**Source information**
::::::

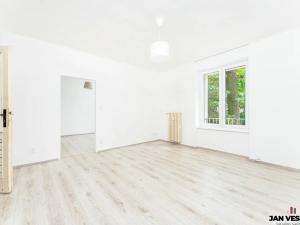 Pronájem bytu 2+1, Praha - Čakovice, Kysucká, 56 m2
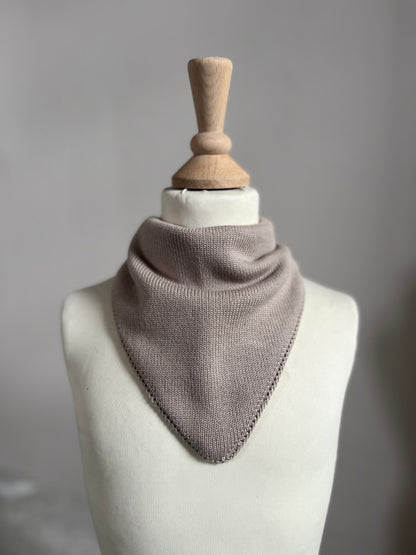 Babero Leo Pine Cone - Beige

::::::

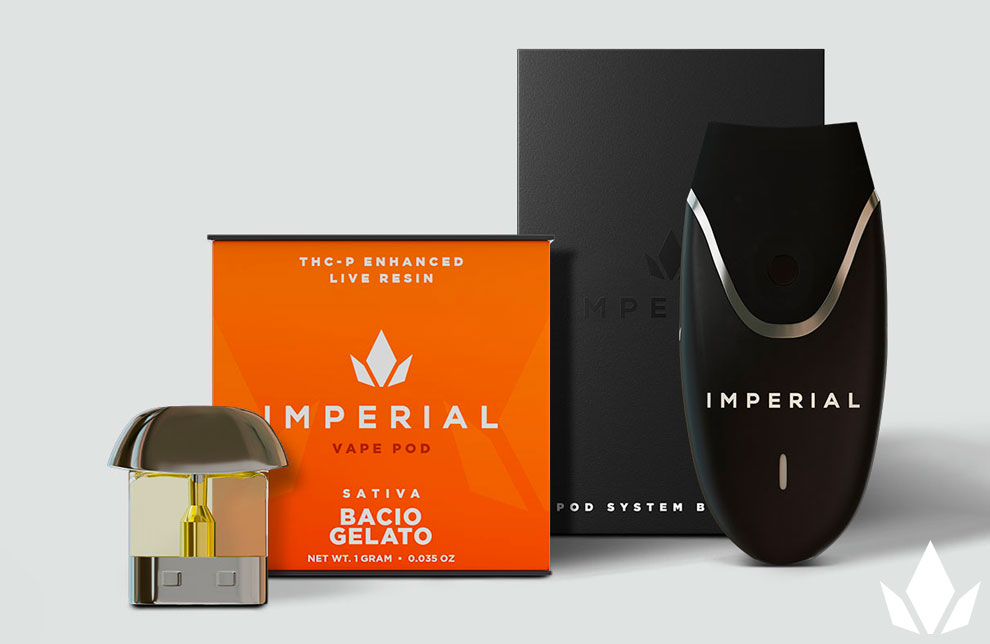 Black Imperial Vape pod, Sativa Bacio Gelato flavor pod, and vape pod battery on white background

::::::

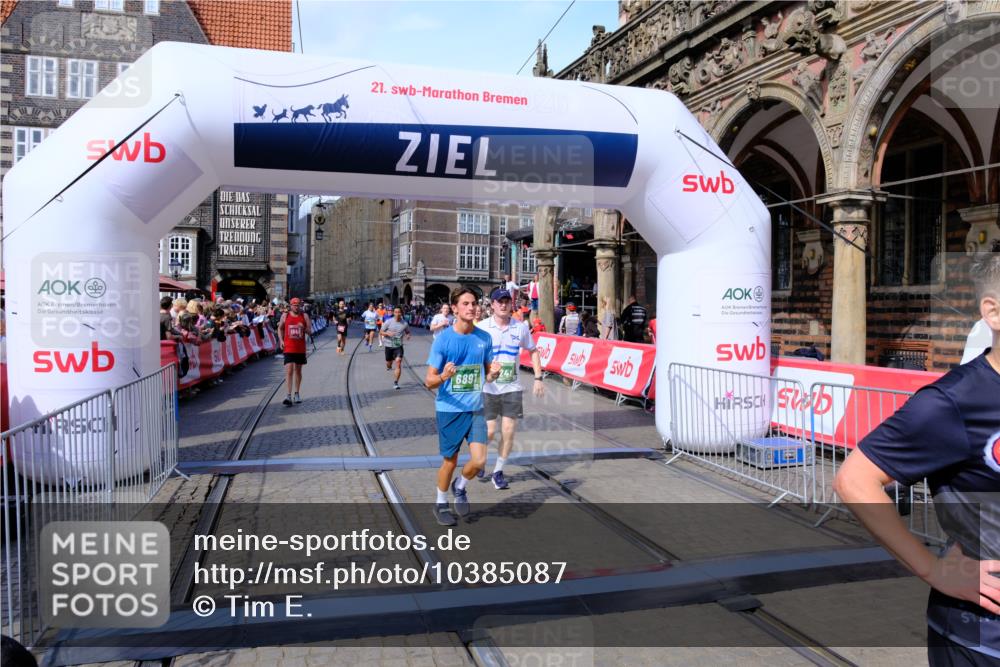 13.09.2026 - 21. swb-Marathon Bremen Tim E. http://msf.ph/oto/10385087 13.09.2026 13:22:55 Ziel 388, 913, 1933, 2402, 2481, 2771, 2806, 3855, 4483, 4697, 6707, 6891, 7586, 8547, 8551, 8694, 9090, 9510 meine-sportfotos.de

::::::

**Work order**
Look above for the line with "Pronájem bytu 2+1, Praha" and copy exactly from it through the line with "Babero Leo Pine Cone - Beige", both included. Omit the pictures.

**Answer box**
 Pronájem bytu 2+1, Praha - Čakovice, Kysucká, 56 m2
 Babero Leo Pine Cone - Beige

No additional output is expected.